Но мое счастье с ней было иным, чем то, которое я обретал в Венеции. Мы никогда не испытывали вместе того рода беззаботной безответственности, какую я испробовал в тот единственный раз. Иначе быть не могло, я уверен. Я познакомился с ней уже не в том возрасте, когда совершаются глупости, на какие способна только молодежь, а ее жизнь была слишком трудной, слишком исполненной борьбы, чтобы осталось место для беззаботности. Нет, мы создали совсем иной мир, безопасный и теплый. Мы совершали вместе великие дела, волнующие, приносящие удовлетворенность, но глупости — никогда. Они не в моем характере, а она слишком хорошо знает их опасность.

Хотя, пожалуй, чему-то в ней не хватает волнений, необходимости полагаться на свою находчивость. Она отказалась от чего-то, когда вышла за меня, и не так, как я. Мне все еще оставалось удовольствие риска, а она отказалась от части своего характера, и, возможно, это было большей утратой, чем сознавали я или она. Теперь она не слушается меня. Я категорически отверг ее предложение помочь мне узнать, куда попадают эти деньги, опознать людей, оплачиваемых через эти необъяснимые выплаты в Ньюкасле. Она указала, что я не могу использовать никого из служащих самой компании. Я сказал «нет». Абсурдная идея. Да так оно и было для жены такого человека, как я. Но не для женщины, какой была она, той, какую я считал давно умершей. Она все равно поступила по-своему, уехала в Германию, вновь полагаться на свою находчивость, вновь маскироваться под кого-то еще — вернулась к тому образу жизни, с которым, полагал я, было покончено навсегда.

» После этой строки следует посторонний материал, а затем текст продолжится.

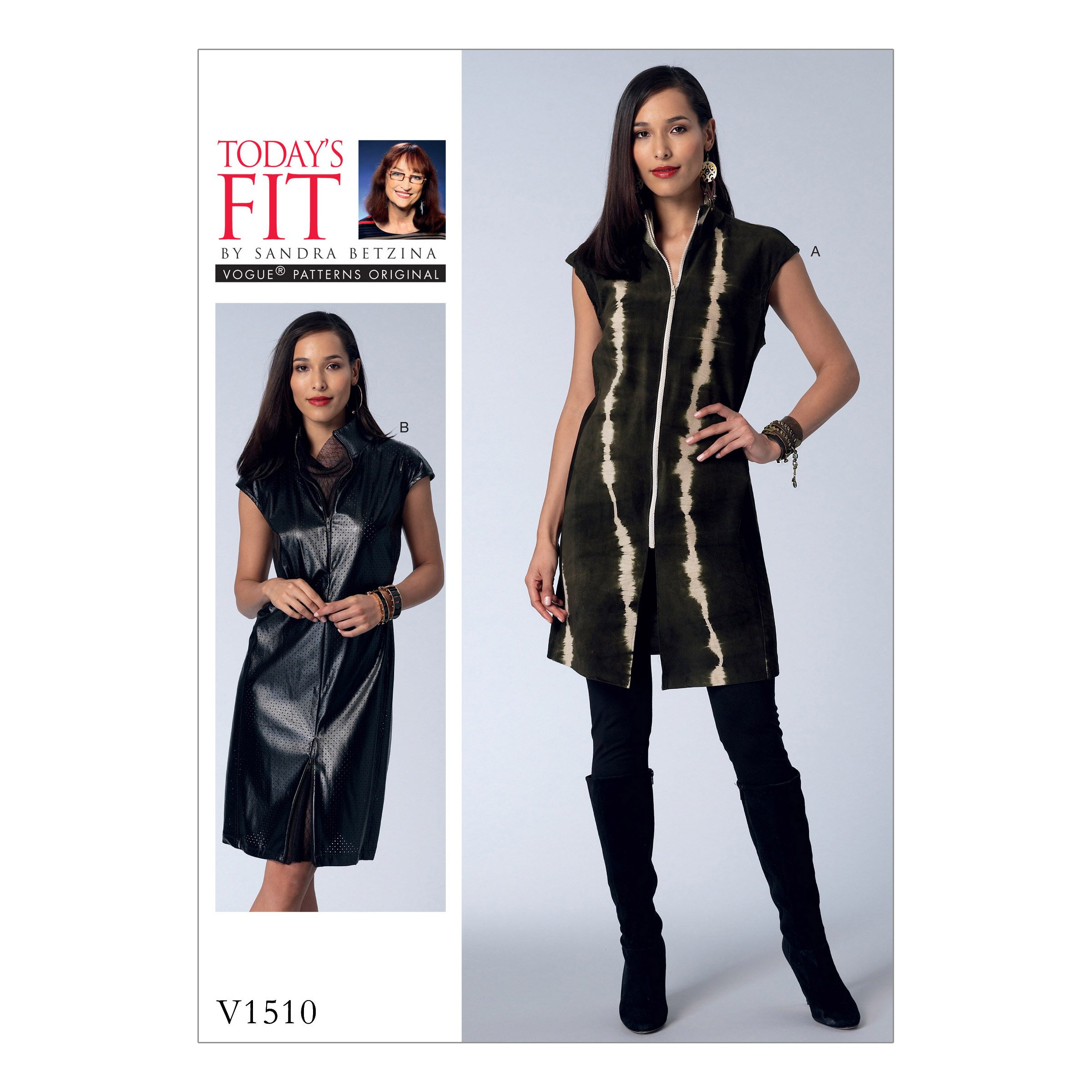 Vogue Patterns 1510 OS,Misses Tunic and Dress,Sizes A-J, Tissue, Multicoloured, 20 x 0.5 x 25 cm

Я был так рассержен, так разъярен, когда она сказала мне, что полностью утратил контроль над собой. И, как часто случалось, когда ее железная воля сталкивалась с моей не менее твердой решимостью, между нами вспыхнула ссора. Почему она не должна мне помогать? Она моя жена. Или я действительно думаю, будто кто-то способен выполнить это лучше? Могу я придумать способ лучше?

Но все это было побочным. Куда сильнее меня тревожил блеск ее глаз, пока она спорила со мной. Блеск возбуждения, блеск приключений. Прежняя ее часть, та, которой я всегда боялся, та, которая никак не могла удовольствоваться обществом старика. Она никогда не давала мне повода не доверять ей. У нее бывали случайные любовники, я в этом не сомневался. Но она никогда не причиняла мне боли. Они были всего лишь мимолетной забавой, способом немного отвлечься. А это было иным, щекотало ее любовь к опасностям, ее потребность в подлинном волнении. Она говорила, что это ради меня, но в равной степени это было ради нее самой.

Уступив, я совершил один из самых трудных поступков в моей жизни и один из самых лучших: угасил свою ревность, подавил свои страхи и позволил ей делать то, что она хотела. Я позволил ей помогать мне, хотя наша жизнь строилась на том, что я помогал ей. Но было это тяжело. Я понимал, вчуже чувствовал радость, которую она испытывала, поступая так. Ведь я сам когда-то был свободен делать что хотел, не заглядывая вперед более, чем на день, или назад более, чем на час. И вот почему я пишу о Венеции. Ведь проверив, насколько подробно я помню те дни, я смогу лучше судить, насколько властно собственное прошлое влечет ее сейчас.